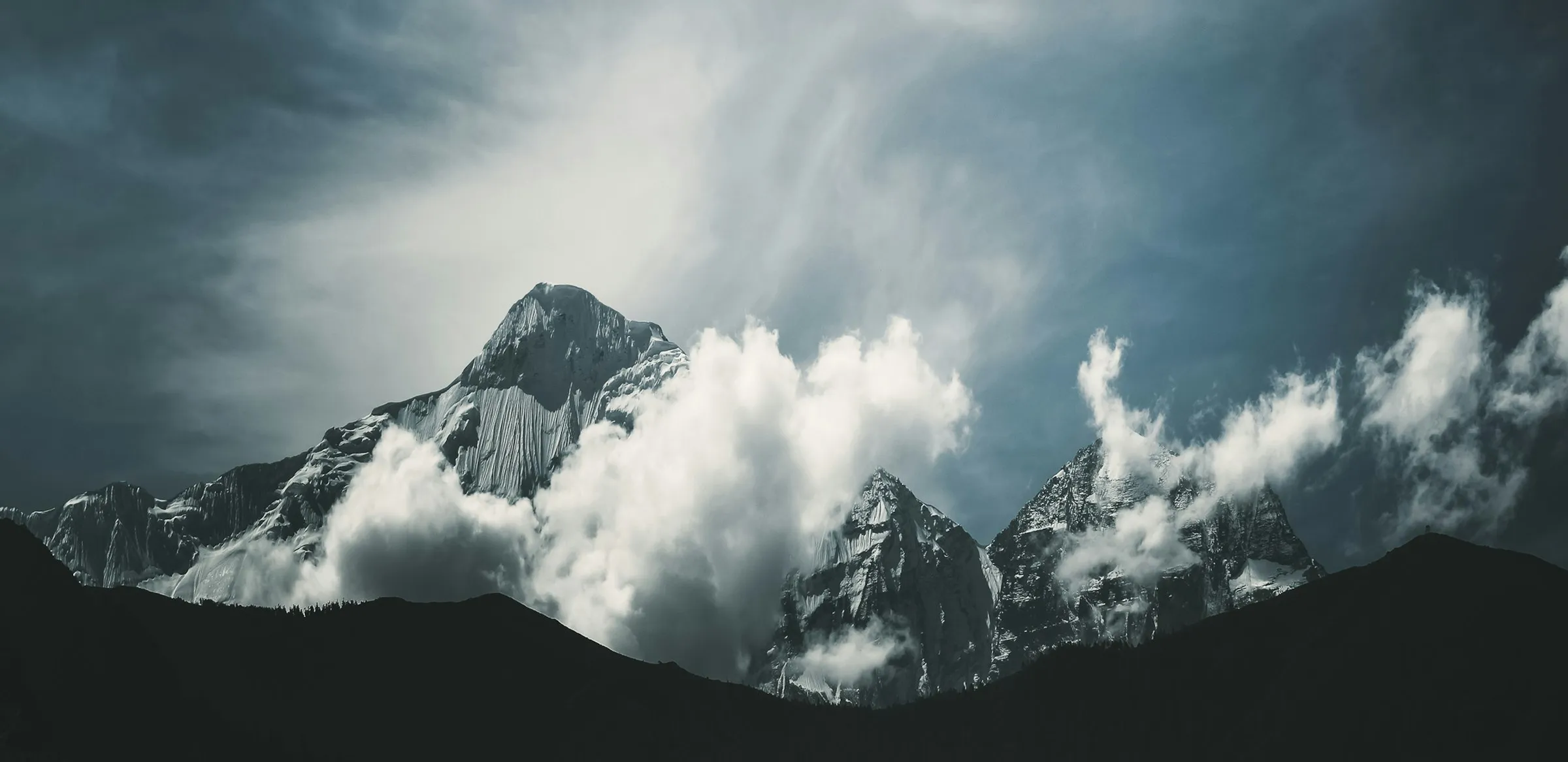 A storm-lit Himalayan peak wreathed in swirling clouds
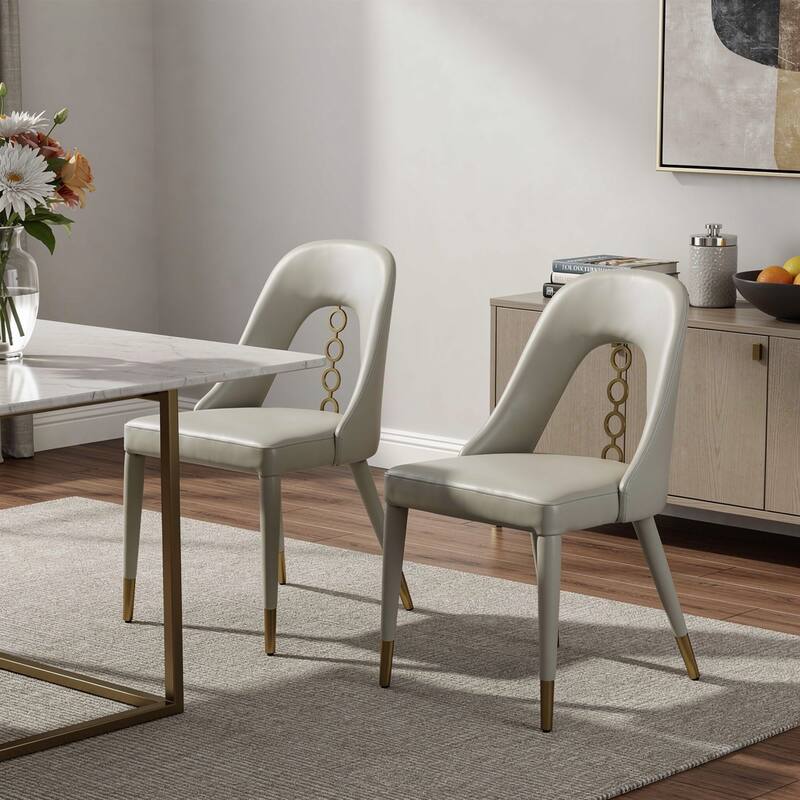 HomeRoots Set of Two Gray and Gold Faux Leather and Stainless Steel Dining Side Chairs - 19.00 in. x 34.00 in. x 22.00 in. - Set of 2 - 19.00 in. x 34.00 in. x 22.00 in. - Light Gray
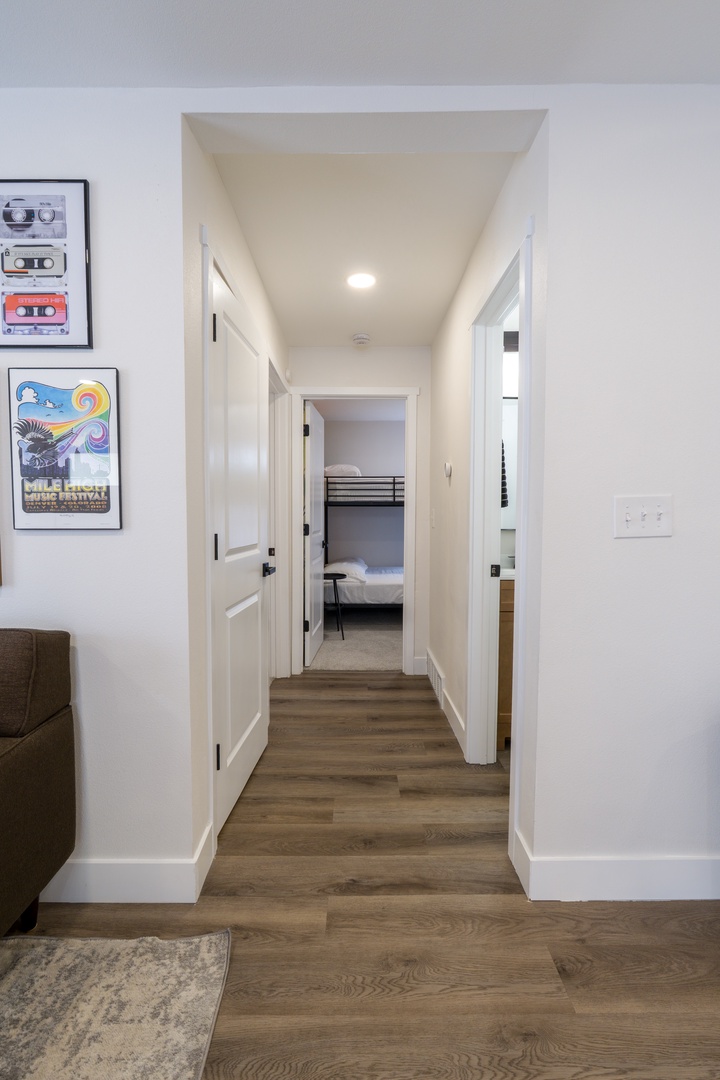Step through this bright hallway where warm wood floors lead you to comfortable bedrooms, each thoughtfully designed for your restful stay.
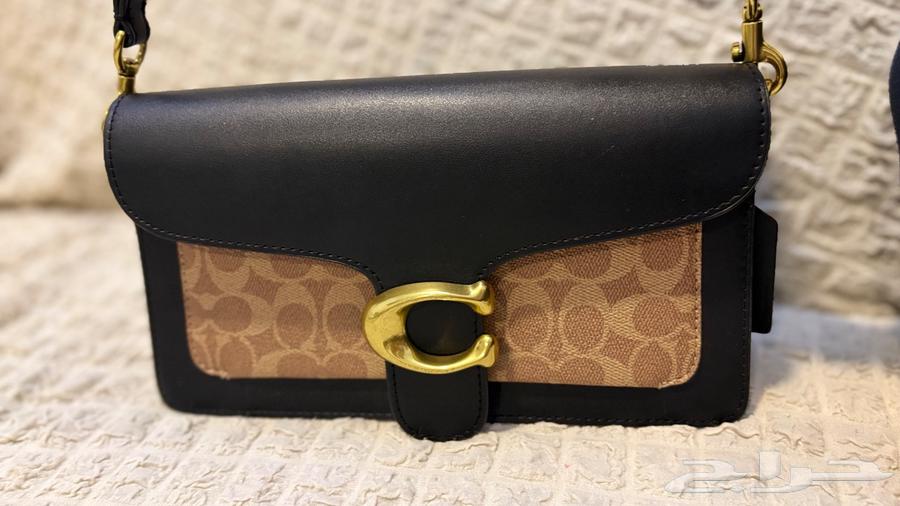 شنطة كوتش اسود وبني64424119196417114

§ Required action
Print the data above exactly, from its first line to the line bearing "HomeRoots Set of" inclusive, and keep pictures out of the result.

§ Written response
 A storm-lit Himalayan peak wreathed in swirling clouds
 HomeRoots Set of Two Gray and Gold Faux Leather and Stainless Steel Dining Side Chairs - 19.00 in. x 34.00 in. x 22.00 in. - Set of 2 - 19.00 in. x 34.00 in. x 22.00 in. - Light Gray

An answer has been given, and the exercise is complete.